Let’s Get Started With Climate Change Learning Through Children’s Literature

March 5, 2024

Mar 5, 2024 | ESD 105, ESD 123, NCESD 171

Often we end a story with the statement, “The End,” but in the case of our latest Our Climate Is Changing, Why Aren’t We? Let’s Get Started Using Children’s Literature workshop series which wrapped up February 29th, participating teachers are just getting started bringing climate change learning for themselves and their students.

Over the course of four after-school virtual sessions, about 60 teachers from across central and eastern Washington engaged in learning about climate change, how to integrate climate change topics into their elementary classrooms, and the importance of sharing messages of hope and advocacy with students through the use of a selection of children’s books provided to them through funding from the ClimeTime Proviso. See the list of texts here.

Highlights from the series include connecting science investigations to children’s literature, building both literacy and science practices; integrating ELA and science through the use of text evidence to support explaining cause and effect relationships; learning about indigenous perspectives through reading The Whale Child with a visit from sibling authors, Keith and Chenoa Egawa; sharing ideas with each other through a Share-a-Thon of how the books were used by teachers with their students.

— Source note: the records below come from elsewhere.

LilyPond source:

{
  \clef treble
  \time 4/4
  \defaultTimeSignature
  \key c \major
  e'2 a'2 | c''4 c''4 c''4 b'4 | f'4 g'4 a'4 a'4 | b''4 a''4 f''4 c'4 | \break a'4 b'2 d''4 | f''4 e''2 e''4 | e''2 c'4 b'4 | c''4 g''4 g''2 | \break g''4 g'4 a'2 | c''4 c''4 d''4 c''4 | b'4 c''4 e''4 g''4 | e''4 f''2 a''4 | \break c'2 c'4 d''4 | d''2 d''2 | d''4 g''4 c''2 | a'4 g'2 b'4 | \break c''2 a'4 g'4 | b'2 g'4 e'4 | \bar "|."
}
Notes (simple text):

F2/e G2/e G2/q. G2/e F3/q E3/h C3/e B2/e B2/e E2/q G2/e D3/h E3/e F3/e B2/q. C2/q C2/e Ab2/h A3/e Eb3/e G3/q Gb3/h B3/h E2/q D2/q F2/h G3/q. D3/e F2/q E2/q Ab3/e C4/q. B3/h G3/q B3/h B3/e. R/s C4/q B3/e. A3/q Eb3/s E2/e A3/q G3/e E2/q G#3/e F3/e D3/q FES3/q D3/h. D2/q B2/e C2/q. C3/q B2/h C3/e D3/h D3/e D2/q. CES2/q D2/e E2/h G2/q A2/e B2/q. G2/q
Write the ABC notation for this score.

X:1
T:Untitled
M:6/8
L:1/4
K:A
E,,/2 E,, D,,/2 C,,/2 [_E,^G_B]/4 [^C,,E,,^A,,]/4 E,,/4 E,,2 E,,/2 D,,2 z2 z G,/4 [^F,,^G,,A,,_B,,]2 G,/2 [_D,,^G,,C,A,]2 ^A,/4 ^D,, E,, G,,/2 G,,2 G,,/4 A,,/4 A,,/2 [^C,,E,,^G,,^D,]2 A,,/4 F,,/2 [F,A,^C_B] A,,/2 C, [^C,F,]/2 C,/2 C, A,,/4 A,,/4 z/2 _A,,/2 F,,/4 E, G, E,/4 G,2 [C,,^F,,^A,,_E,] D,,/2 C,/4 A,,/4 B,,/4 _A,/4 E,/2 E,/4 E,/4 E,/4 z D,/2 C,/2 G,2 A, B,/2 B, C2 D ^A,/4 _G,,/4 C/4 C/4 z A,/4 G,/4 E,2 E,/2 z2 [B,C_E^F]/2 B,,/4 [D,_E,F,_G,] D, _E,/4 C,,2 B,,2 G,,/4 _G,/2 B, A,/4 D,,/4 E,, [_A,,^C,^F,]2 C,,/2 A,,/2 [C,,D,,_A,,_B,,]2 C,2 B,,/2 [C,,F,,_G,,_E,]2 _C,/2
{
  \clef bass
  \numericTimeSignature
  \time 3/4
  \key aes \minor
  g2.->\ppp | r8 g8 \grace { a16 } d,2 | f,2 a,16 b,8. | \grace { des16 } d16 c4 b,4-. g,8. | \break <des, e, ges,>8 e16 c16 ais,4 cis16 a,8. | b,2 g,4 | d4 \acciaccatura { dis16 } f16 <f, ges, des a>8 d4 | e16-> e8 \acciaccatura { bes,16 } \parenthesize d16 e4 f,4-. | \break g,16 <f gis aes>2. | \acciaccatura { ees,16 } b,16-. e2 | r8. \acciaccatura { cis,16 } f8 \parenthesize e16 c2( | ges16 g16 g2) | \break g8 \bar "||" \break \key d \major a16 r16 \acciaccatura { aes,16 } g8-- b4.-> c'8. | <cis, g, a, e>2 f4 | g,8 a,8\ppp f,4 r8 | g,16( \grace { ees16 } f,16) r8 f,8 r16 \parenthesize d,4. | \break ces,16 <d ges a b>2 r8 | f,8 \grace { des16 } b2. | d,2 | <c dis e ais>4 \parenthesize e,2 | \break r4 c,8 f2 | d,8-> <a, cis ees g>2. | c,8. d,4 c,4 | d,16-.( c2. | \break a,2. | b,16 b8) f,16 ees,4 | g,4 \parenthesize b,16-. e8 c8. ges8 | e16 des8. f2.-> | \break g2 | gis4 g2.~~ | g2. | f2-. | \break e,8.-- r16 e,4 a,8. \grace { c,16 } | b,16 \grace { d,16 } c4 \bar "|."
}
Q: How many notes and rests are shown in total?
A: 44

Regional Science Coordinators from ESDs 105, 123, and 171 plan to continue to offer this book study and are considering additional book studies for secondary educators in the future.

We will leave you with a few quotes from participating teachers:
“I had a basic understanding of climate science but this experience deepened my understanding of climate topics. It was especially important to me to find a lens of how to leave this topic on a hopeful note for students.”

“I learned a lot about climate that I didn’t know previously. I have more awareness, and a more driven feeling of needing to DO something, and TEACH something to the younger generation.”

“This children’s literature book study has helped me understand climate science better. I have a better understanding of the interconnectivity of animal and plant life and the need to begin making changes now. We only have one planet and we all need it to continue to live and thrive. I have wonderful resources to use in my classroom to help bring awareness to my students.”